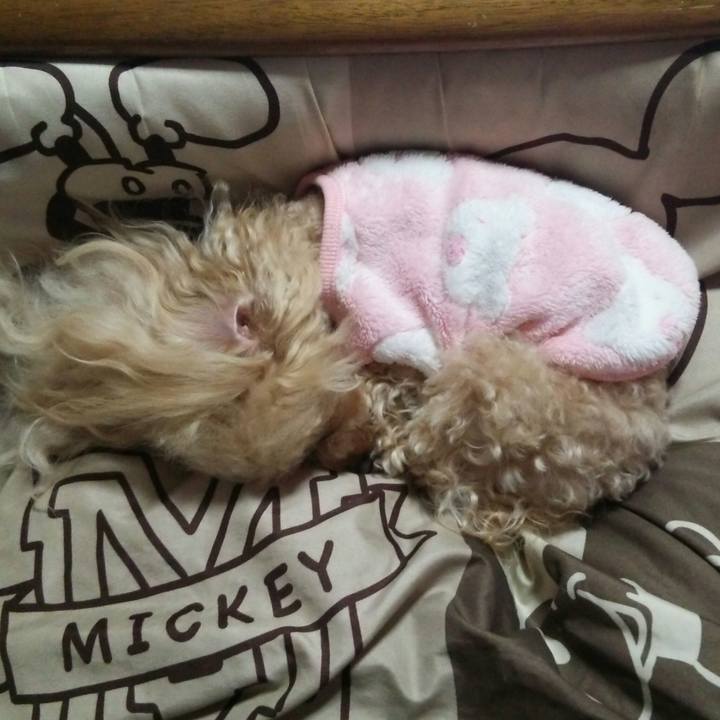 079ed3b1 5152 4d09 a775 e99fe452830b 1547557777558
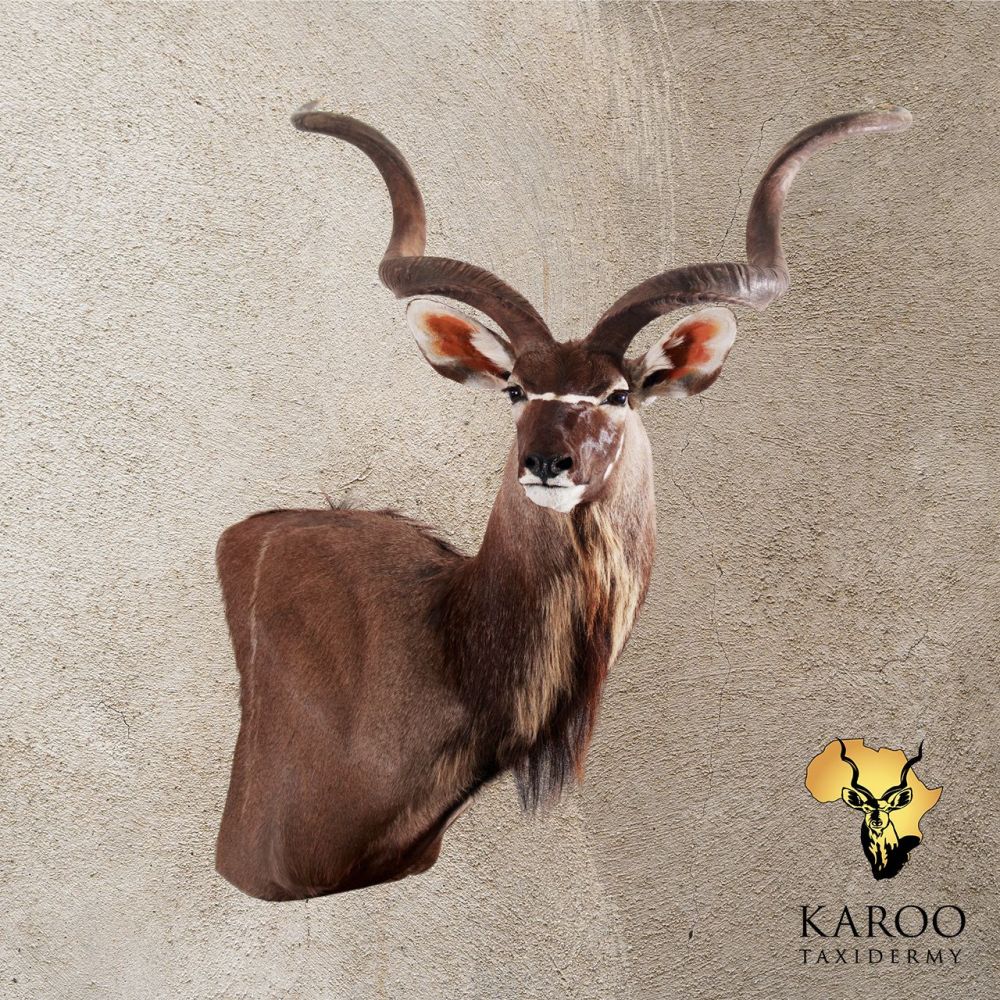 Kudu Wall Pedestal &ndash; Right Turn, Looking Quarter Right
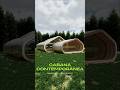 CABANA CONTEMPORÂNEA PARAMÉTRICA COM RHINOCEROS + GRASSHOPPER  #arquitetura #designparamétrico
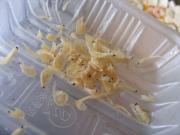 ��Ϻ��������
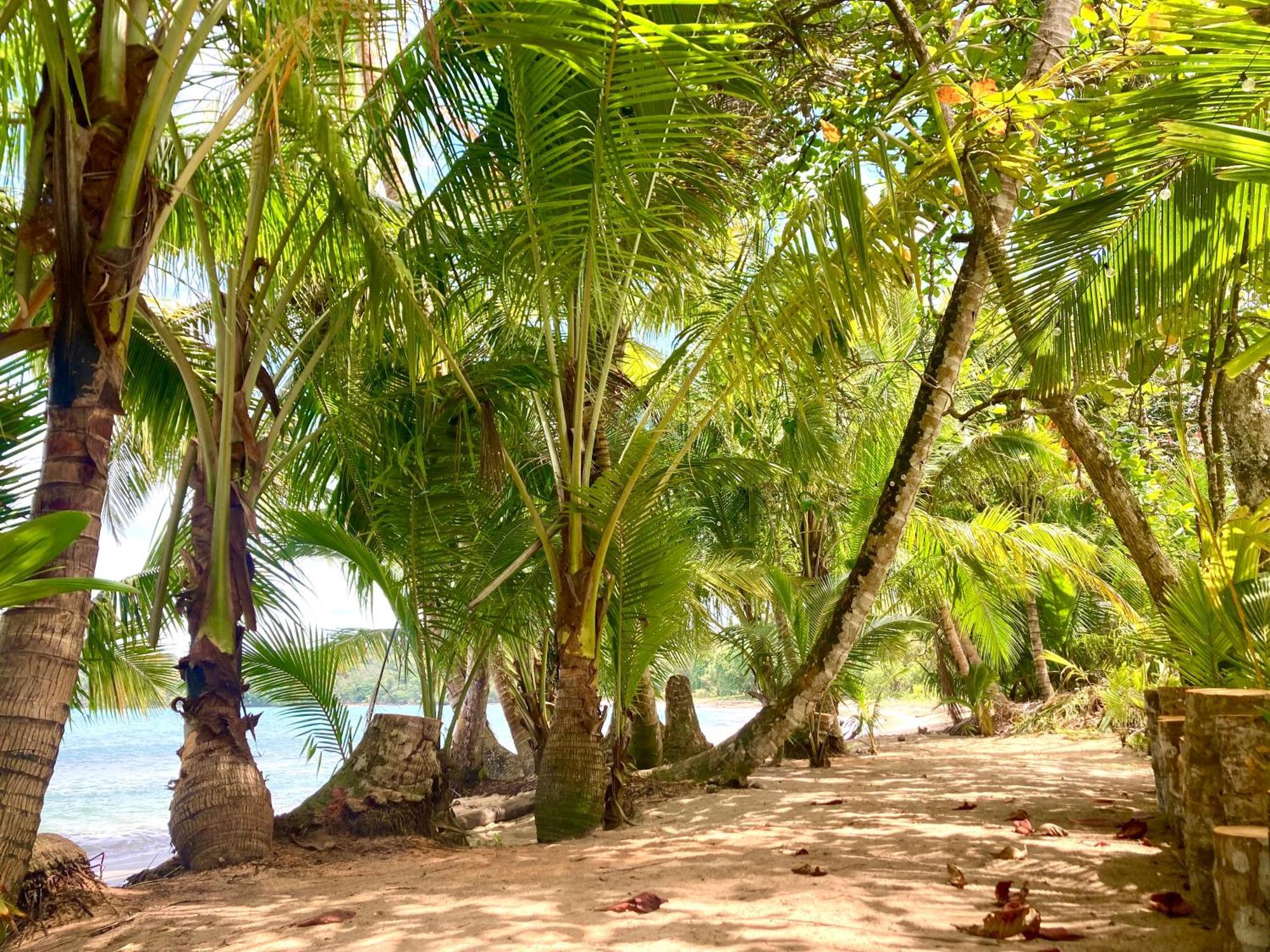 Drago Beach House - Private Beach Boca del Drago Exterior foto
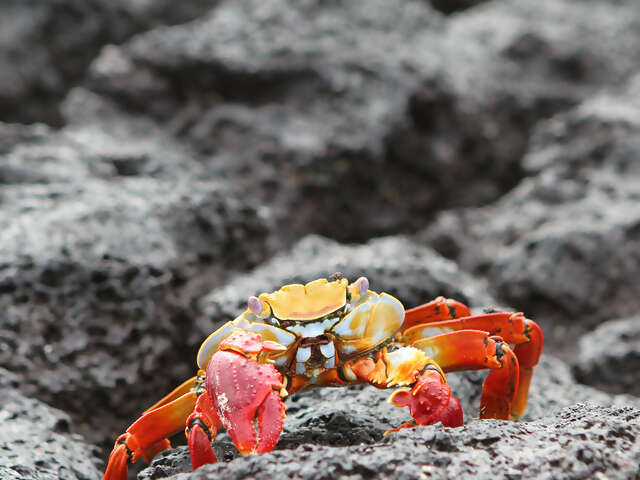 Galápagos — West & Central Islands aboard the Monserrat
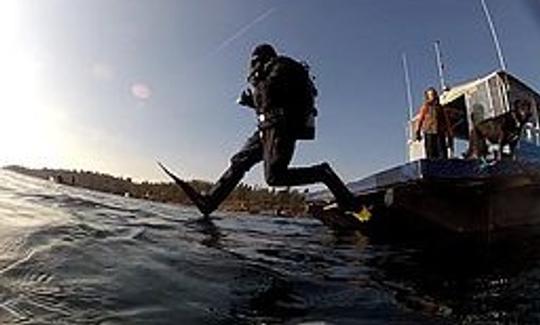 Excursions de plongée en ponton de 42 minutes à Brockville, Canada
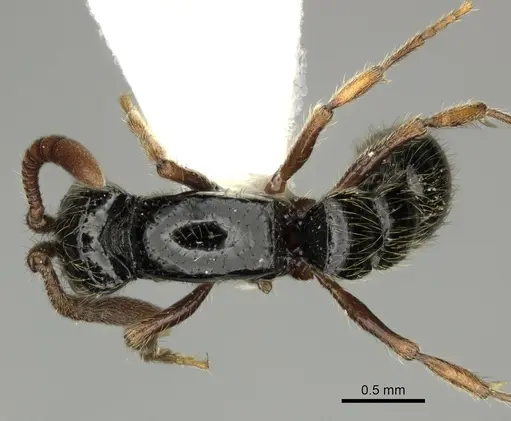 Lioponera marginata specimen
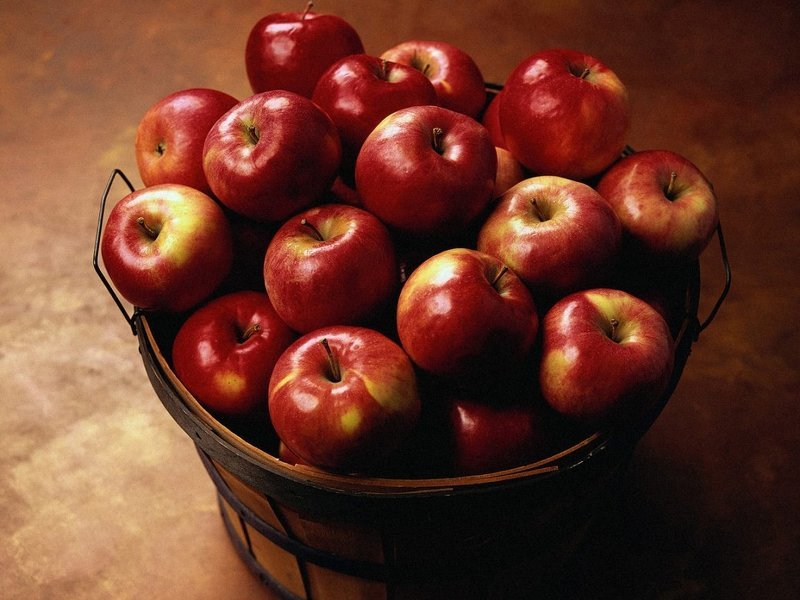 Как сохранить яблоки свежими зимой: сбор, обработка, подготовка помещения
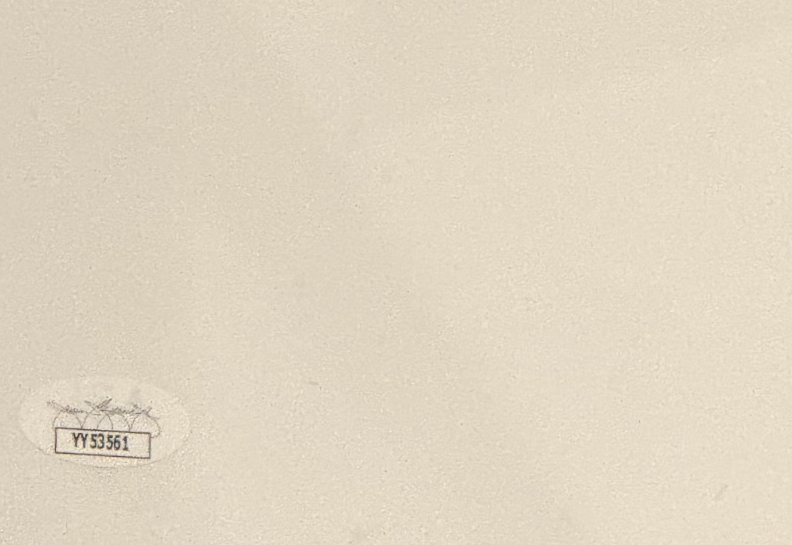 Adele Autographed In Studio Walmart Soundcheck Poster (JSA) (LOA)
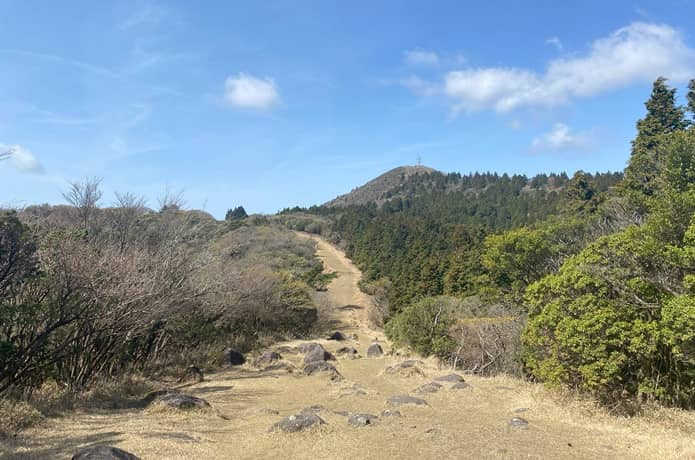 芝生の登山道と岩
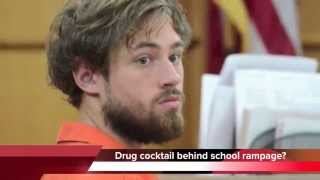 Westview Elementary School rampage suspect doesn't remember it
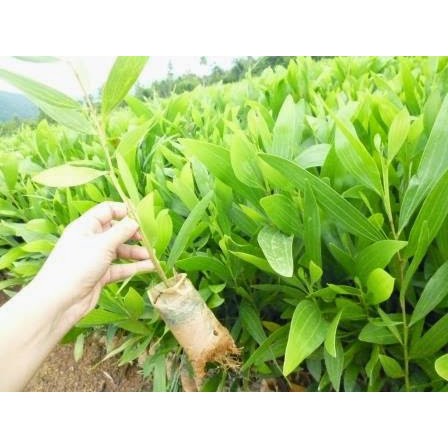 Cây Keo Lai Lá Tràm Giống Lấy Gỗ - Cao 30-40cm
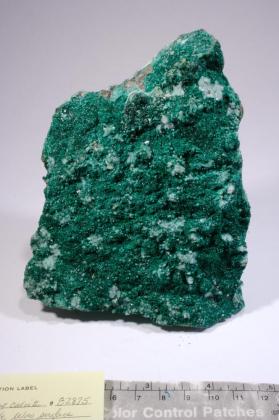 Atacamite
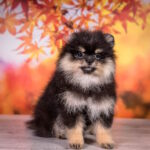 Buffy-female-pomeranian-puppy-for-sale-1 (3)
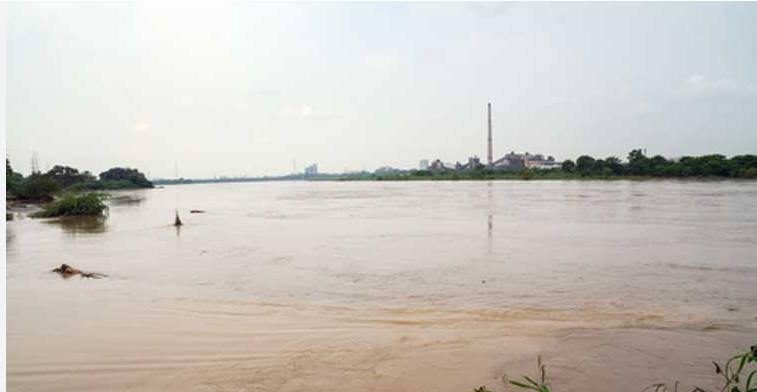 Water flow is normal in most rivers of Punjab: PDMA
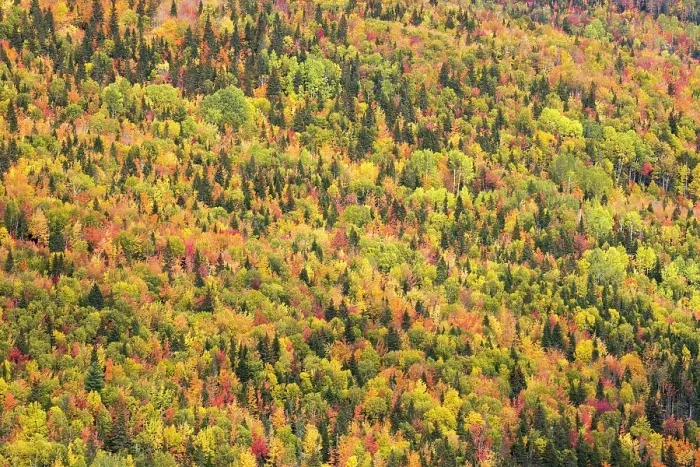 Framed Print : Trees in autumn colours, Rivire-au-Renard, Gaspesie, Quebec, Canada. October 2019 Framed Print : Trees in autumn colours, Rivire-au-Renard, Gaspesie, Quebec, Canada. October 2019
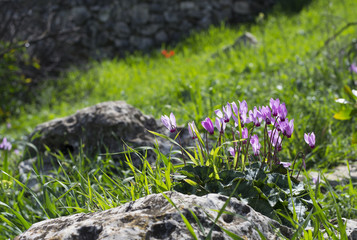 Wild Cyclamen flowers, growing on a rock stone in Jerusalem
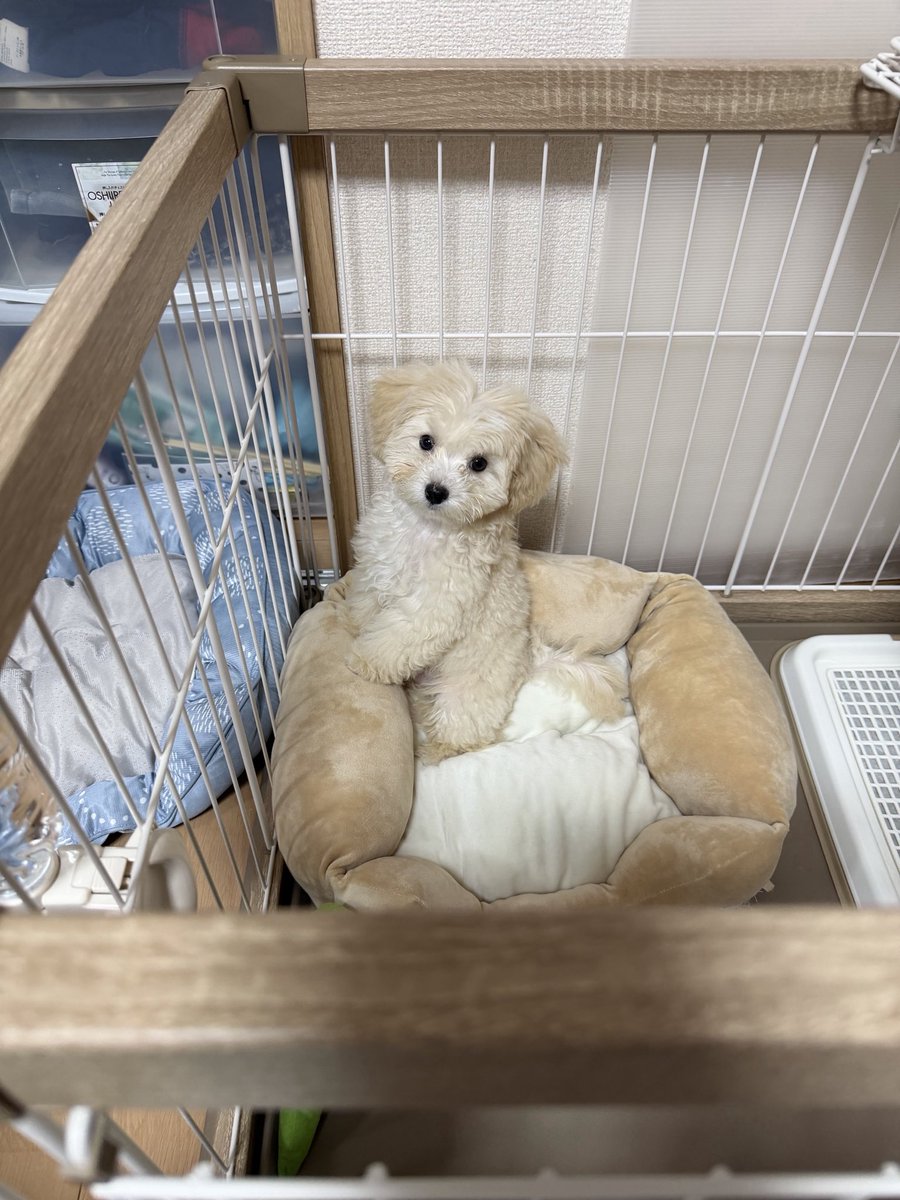 mashiron1x's tweet photo. 可愛すぎる🤦‍♂️ https://t.co/j5ob60ykJ9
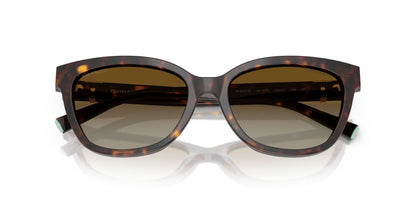 TIFFANY & CO TF4237B 8015T5 55 SUNGLASSES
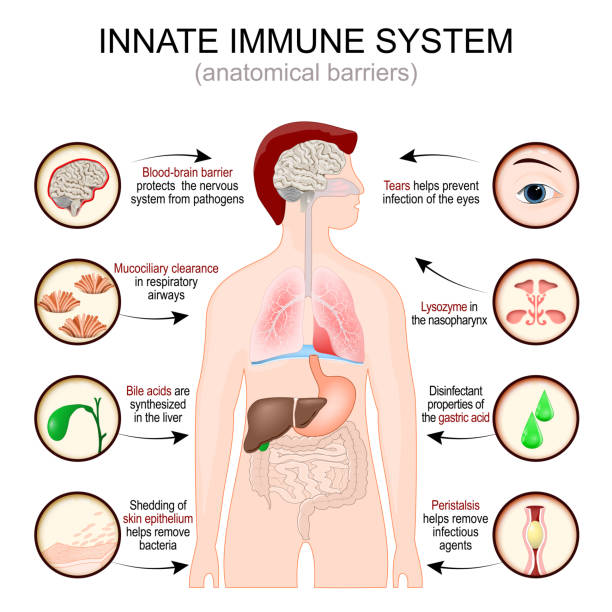 230+ Innate Immune System Stock Photos, Pictures & Royalty-Free Images -  iStock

**PROBLEM REQUIREMENTS**: Leave the pictures aside and transcribe only the lines from the one holding "Lioponera marginata specimen" through the final line of the records above.

**OUTPUT FOR THIS EXERCISE**:
 Lioponera marginata specimen
 Как сохранить яблоки свежими зимой: сбор, обработка, подготовка помещения
 Adele Autographed In Studio Walmart Soundcheck Poster (JSA) (LOA)
 芝生の登山道と岩
 Westview Elementary School rampage suspect doesn't remember it
 Cây Keo Lai Lá Tràm Giống Lấy Gỗ - Cao 30-40cm
 Atacamite
 Buffy-female-pomeranian-puppy-for-sale-1 (3)
 Water flow is normal in most rivers of Punjab: PDMA
 Framed Print : Trees in autumn colours, Rivire-au-Renard, Gaspesie, Quebec, Canada. October 2019 Framed Print : Trees in autumn colours, Rivire-au-Renard, Gaspesie, Quebec, Canada. October 2019
 Wild Cyclamen flowers, growing on a rock stone in Jerusalem
 mashiron1x's tweet photo. 可愛すぎる🤦‍♂️ https://t.co/j5ob60ykJ9
 TIFFANY & CO TF4237B 8015T5 55 SUNGLASSES
 230+ Innate Immune System Stock Photos, Pictures & Royalty-Free Images -  iStock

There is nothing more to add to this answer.